La Loi des silences

Le Silence de la mer : l’interprétation télévisée de Pierre Boutron, parue en 2004, reprend avec talent deux nouvelles de Vercors, Le Silence de la mer et Ce jour-là. Celles-ci furent publiées clandestinement en février 1942 aux Editions de Minuit, que Vercors venait de fonder. Elles dessinent deux types de résistance : l’une par les armes et l’autre par… le silence.
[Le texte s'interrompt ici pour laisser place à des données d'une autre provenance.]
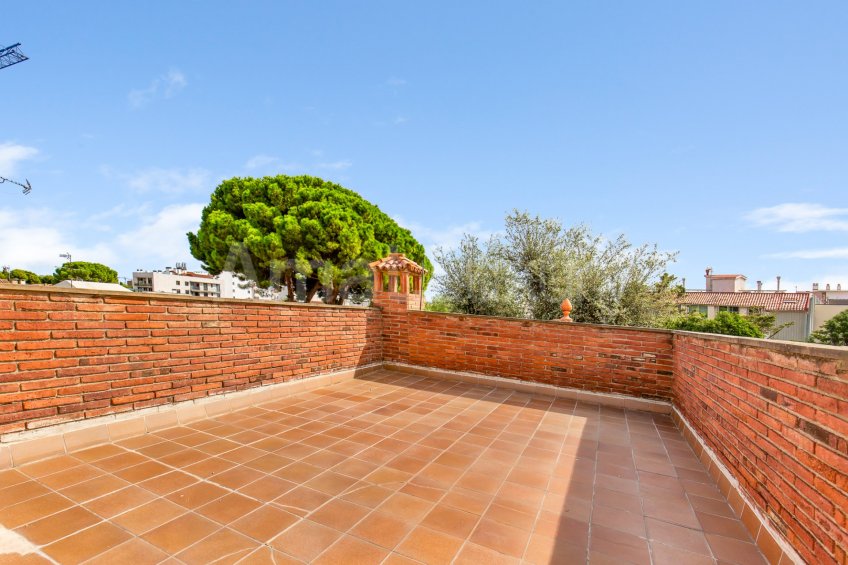 Exclusive house with garden and pool in the center -37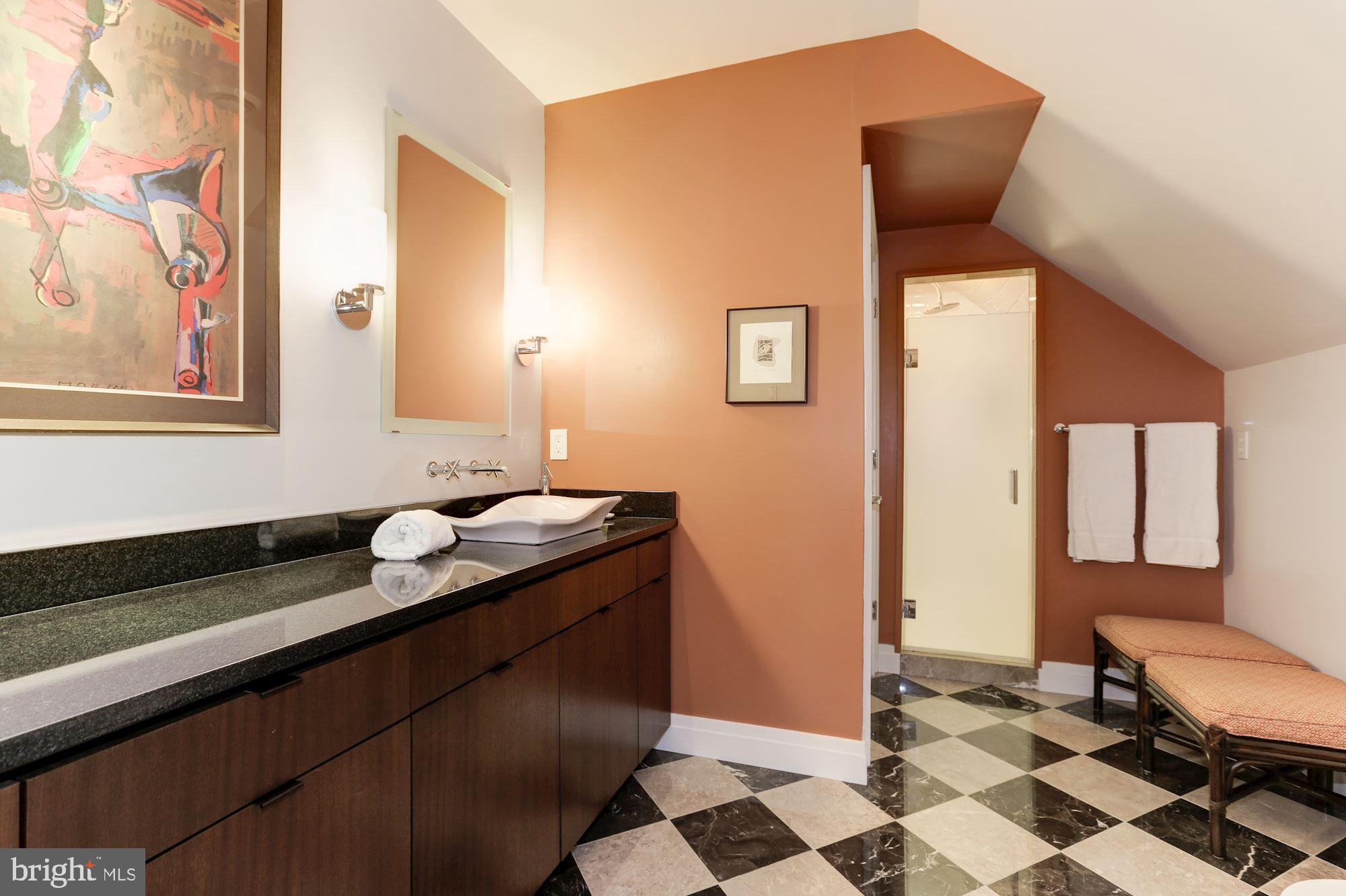 QUEEN ANNE COLONY - Residential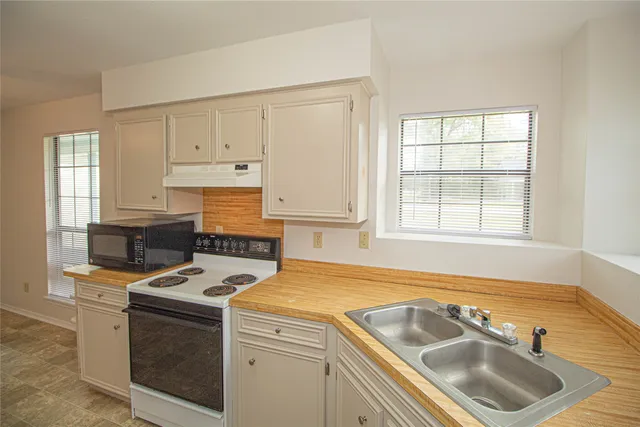 $225,000 | 320 Bridgeview Drive, Onalaska, TX 77360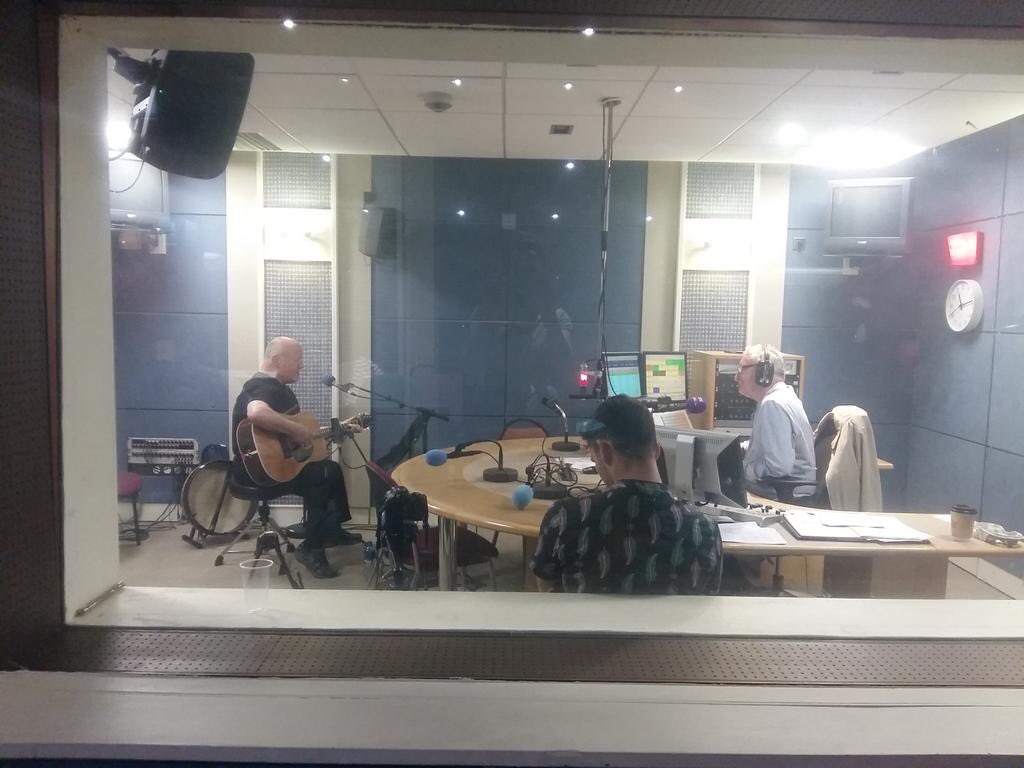 Stellar moment from last Live Blue <a href="/RTElyricfm/">RTÉ lyric fm</a> <a href="/corcorc/">Carl Corcoran</a> and <a href="/christymoore45/">Christy Moore</a> - thanks Christy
Faire un film où la majorité de l’action est jeux de regards et de mutisme, relève de la gageure. La nouvelle de Vercors est d’ailleurs très brève. Pourtant, Pierre Boutron réussit à tisser autour, en prenant quelques libertés, un vrai film, ainsi que le fit déjà Jean-Pierre Melville en 1947. L’histoire est simple : un vieil homme (Michel Galabru) et sa petite fille – sa nièce, chez Vercors – (Julie Delarme), doivent accueillir sous leur toit en 1941 un jeune officier allemand (Thomas Jouannet).

Epris de culture française, celui-ci leur adresse chaque soir un discours sur son désir de voir se rapprocher l’Allemagne et la France. Il se confie avec spontanéité sur son passé, tout en ne voyant que deux visages immobiles et silencieux.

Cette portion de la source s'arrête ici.